Okay, so maybe watching Great White was like flipping through a scrapbook of photographs from your half-remembered summer at Camp Jaws years earlier. But it has one memorable kill scene unlike anything Jaws has to offer, when our 35-foot friend bites onto the legs of a man dangling from a rescue helicopter...

...and somehow manages to detach them several inches above the point where his teeth actually make contact!

"So, they'll just grow back, then?"


I have to warn you up front, despite poster promises of a World Trade Center nature, at no point does Godzilla, Megalon, or anyone else wind up standing atop the two towers, or anywhere near New York, for that matter. I can only guess someone decided to include the WTC Towers on the poster because they happened to open to the public the same month as the film, August 1973.

The actual film is set entirely in Tokyo... and, of course, the lost, undersea kingdom of Seatopia (duh!) where exotic ritual dances are held every hour on the half-hour.

I have never been one to take my Japanese monster movies too seriously, even as a Godzilla-worshipping kid. Which is a good thing, because in a genre that already lends itself to silliness, Godzilla Vs. Megalon is as silly as they come.

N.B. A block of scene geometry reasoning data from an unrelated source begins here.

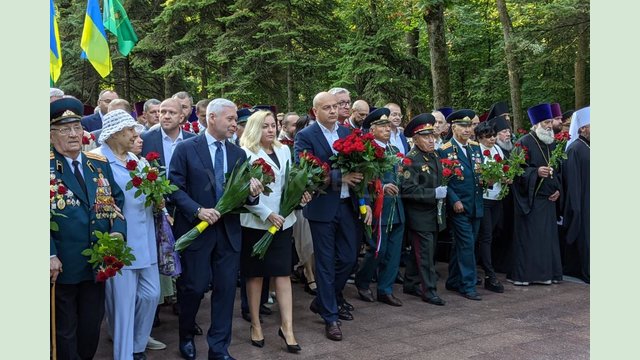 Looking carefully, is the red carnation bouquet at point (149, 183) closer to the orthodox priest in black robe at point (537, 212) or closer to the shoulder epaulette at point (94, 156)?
the shoulder epaulette at point (94, 156)

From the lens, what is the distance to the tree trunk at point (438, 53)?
1513cm

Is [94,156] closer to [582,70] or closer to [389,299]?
[389,299]

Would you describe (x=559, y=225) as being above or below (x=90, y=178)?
below

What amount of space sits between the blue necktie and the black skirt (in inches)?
22.1

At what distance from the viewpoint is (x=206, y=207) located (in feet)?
18.2

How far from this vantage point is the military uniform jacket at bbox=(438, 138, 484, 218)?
26.9 feet

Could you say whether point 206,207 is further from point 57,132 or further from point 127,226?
point 57,132

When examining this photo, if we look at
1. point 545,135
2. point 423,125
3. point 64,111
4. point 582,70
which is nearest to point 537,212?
point 545,135

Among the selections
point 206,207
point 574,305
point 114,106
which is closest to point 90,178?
point 206,207

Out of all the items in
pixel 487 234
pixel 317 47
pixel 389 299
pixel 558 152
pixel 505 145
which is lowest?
pixel 389 299

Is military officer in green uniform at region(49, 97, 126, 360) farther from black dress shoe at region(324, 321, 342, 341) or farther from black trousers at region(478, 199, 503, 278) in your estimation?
black trousers at region(478, 199, 503, 278)

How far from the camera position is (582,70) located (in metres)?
20.3

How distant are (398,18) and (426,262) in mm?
14532

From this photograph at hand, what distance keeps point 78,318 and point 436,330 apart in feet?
11.8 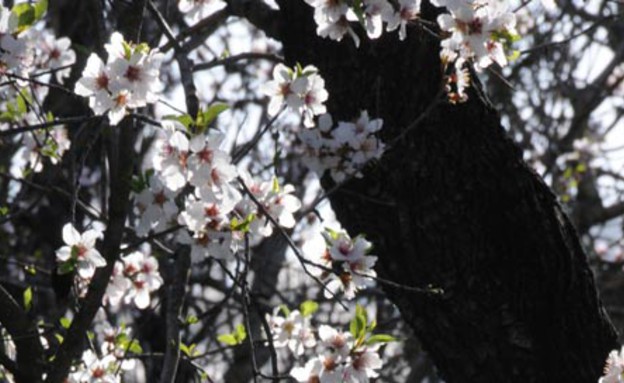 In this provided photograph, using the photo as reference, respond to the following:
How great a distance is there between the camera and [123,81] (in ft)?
6.87

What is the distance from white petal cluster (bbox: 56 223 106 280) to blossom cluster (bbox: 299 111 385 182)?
1.73 feet

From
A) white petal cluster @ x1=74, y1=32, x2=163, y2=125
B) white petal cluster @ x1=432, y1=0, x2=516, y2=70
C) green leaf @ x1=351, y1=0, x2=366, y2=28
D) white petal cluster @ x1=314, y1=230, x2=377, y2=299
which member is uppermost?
white petal cluster @ x1=432, y1=0, x2=516, y2=70

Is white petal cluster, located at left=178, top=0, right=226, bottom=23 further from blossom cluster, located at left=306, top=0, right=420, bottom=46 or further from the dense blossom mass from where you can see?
blossom cluster, located at left=306, top=0, right=420, bottom=46

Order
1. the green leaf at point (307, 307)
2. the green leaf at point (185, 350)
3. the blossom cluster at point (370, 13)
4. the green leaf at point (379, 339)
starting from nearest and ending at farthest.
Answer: the blossom cluster at point (370, 13) < the green leaf at point (379, 339) < the green leaf at point (185, 350) < the green leaf at point (307, 307)

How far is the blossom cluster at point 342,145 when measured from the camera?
2451mm

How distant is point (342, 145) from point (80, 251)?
64 cm

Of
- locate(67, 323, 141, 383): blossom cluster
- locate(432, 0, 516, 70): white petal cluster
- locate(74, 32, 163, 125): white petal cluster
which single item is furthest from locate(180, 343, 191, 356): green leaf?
locate(432, 0, 516, 70): white petal cluster

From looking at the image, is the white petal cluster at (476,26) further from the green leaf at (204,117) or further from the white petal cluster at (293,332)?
the white petal cluster at (293,332)

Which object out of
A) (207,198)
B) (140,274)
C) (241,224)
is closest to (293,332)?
(140,274)

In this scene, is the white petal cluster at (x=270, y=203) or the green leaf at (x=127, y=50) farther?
the white petal cluster at (x=270, y=203)

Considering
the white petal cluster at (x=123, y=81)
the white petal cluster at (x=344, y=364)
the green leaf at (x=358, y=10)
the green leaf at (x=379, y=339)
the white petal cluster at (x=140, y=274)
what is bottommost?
the white petal cluster at (x=344, y=364)

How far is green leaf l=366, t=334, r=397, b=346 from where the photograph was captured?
240cm

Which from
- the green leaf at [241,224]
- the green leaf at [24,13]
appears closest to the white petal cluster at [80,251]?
the green leaf at [241,224]

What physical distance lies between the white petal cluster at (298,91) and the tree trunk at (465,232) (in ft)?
0.76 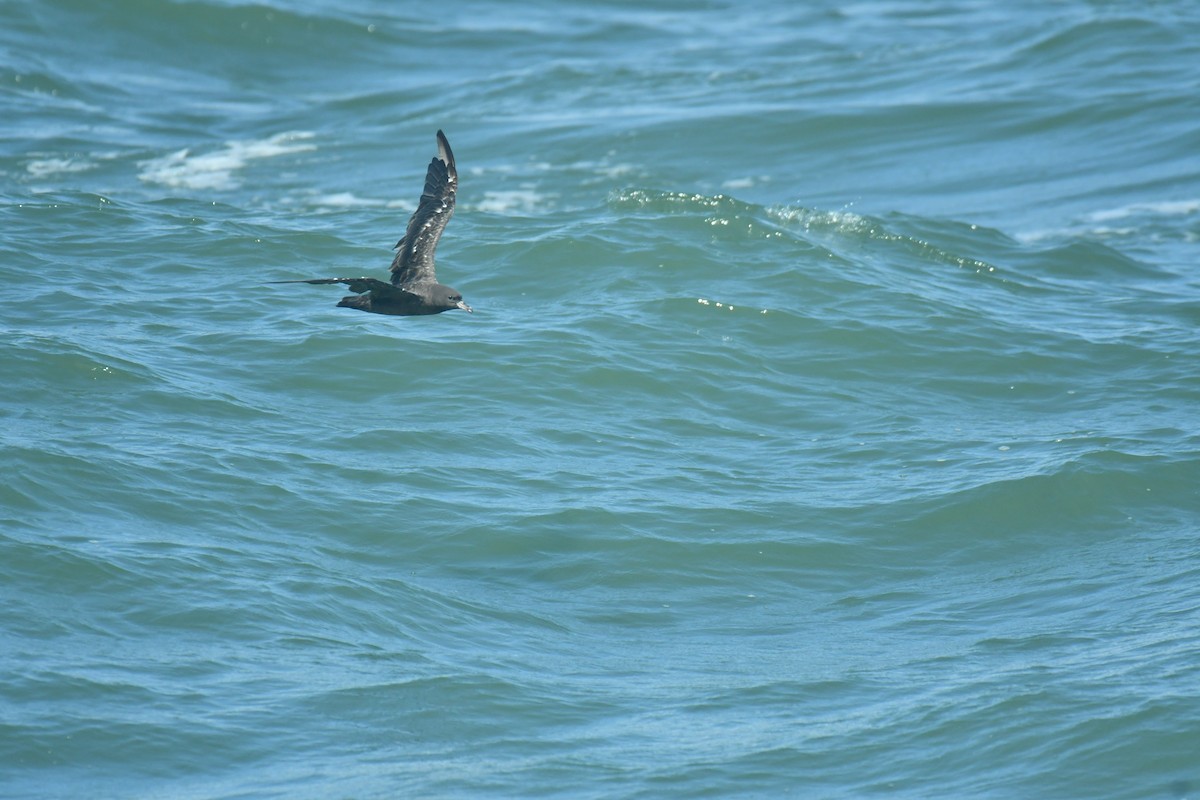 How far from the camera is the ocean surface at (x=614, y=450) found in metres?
9.19

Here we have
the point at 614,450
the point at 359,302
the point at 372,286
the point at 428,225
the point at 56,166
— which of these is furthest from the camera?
the point at 56,166

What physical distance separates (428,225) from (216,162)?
40.4 ft

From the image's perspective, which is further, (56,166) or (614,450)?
(56,166)

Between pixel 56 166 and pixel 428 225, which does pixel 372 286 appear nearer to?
pixel 428 225

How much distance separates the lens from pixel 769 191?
21.3 m

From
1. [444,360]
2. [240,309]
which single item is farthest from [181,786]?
[240,309]

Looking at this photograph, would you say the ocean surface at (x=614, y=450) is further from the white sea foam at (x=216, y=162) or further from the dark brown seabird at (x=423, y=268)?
the dark brown seabird at (x=423, y=268)

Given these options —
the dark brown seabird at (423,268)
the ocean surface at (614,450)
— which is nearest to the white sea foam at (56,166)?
the ocean surface at (614,450)

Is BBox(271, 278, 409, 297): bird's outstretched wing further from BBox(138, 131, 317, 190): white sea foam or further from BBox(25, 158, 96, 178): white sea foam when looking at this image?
BBox(25, 158, 96, 178): white sea foam

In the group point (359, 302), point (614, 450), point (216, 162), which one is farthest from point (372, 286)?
point (216, 162)

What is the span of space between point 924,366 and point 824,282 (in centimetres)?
194

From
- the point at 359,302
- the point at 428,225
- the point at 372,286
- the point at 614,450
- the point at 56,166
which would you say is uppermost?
the point at 56,166

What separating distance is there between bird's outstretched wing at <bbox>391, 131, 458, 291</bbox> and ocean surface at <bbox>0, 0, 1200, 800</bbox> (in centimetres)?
219

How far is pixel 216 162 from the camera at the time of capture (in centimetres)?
2225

Symbolic representation of what I remember my early childhood to be like.

The Seatopians have decided its time to extend their kingdom above the surface, and towards that end summon the monster Megalon, who proceeds to level the city of Tokyo with his hood-ornamentish head-mounted laser weapon.

But for reasons never adequately explained, the Seatopians also need the aid of a human-like robot called Jet Jaguar.

Jet Jaguar is the invention of a pair of scientists who seem to live and work out of a small art-space loft...

We may not fully understand how the Seatopians know of Jet Jaguar's existence, much less how the flying, fighting robot is necessary to complete their plan of world domination, but one thing is certain: at some point, the robot and the monster are gonna fight!

Jet Jaguar is presented as a sophisticated robot, so complex it can actually program itself to expand its own powers, and yet it receives instructions through cardboard punch-cards!

And even though Jet Jaguar can move and think for itself, it lacks the power of speech, and is forced to communicate in clumsy hand-motions resembling football referee signals. Man, I wish I had a translation key so I could learn Jet Jaguar's arm talkin'.

Eventually Godzilla enters the picture, fighting for the good guys alongside Jet Jaguar, with cartoonish moves right out of a professional wrestling ring. And in what has to be one of the most outlandish moments in all of Godzilladom, the big lizard dispatches Megalon with a tail-sliding maneuver never seen before or since.

Empire of the Ants, Food of the Gods, Great White/The Last Shark and Godzilla vs. Megalon are all available on DVD as of this writing.